Farmers struggling as a result of the tit-for-tat trade war between the U.S. and nations including China will be able to access billions of dollars in emergency aid, according to reports.
The Trump administration is preparing a $12 billion package available to the country's farming industry, which the Washington Post reports will come in the form of either direct assistance, a food purchase and distribution program, and a trade promotion program.
It comes after the farmers have been hit by tariffs imposed by other countries on U.S. agricultural and livestock exports, in retaliation for the White House's own tariffs on foreign imports.
The trade war with China, in particular, is having a significant impact on Minnesota's soybean farmers, with the Asian nation imposing a 25 percent import tax on U.S. soybeans.
Speaking to the Dairyland Peach, the Minnesota Soybean Growers Association (MSGA) President Michael Petefish said the price of soybeans has dropped nearly 20 percent since the tariffs were first proposed in spring.
He also told NPR that the tariffs would cost his own family farm around $250,000.
China meanwhile has been stocking up on soybean supplies from Brazil prior to the tariffs being enacted, with Chinese companies canceling much of the soybean it had planned to buy from U.S. suppliers by the end of August, Business Insider notes.
Government figures show how crucial the crop is to Minnesota farmers.
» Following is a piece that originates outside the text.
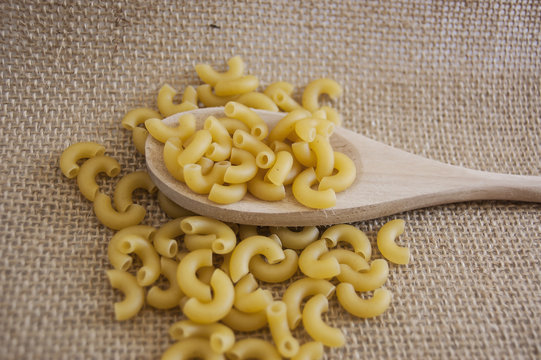 Macaroni is a dry pasta and made of durum wheat, usually no egg. In this picture is an elbow macaroni.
In 2016, the state exported $2.1 billion worth of soybeans, much of which went to China.
But while the tariffs may be hitting farmers, there was plenty of testimony during President Trump's recent visit from Minnesota's mining injury that tariffs on steel and aluminum imports was helping the state's Iron Range.
The Star Tribune reported in June how the measures taken to combat the dumping of cheap steel by China and other countries was welcomed by those on in the north of the state.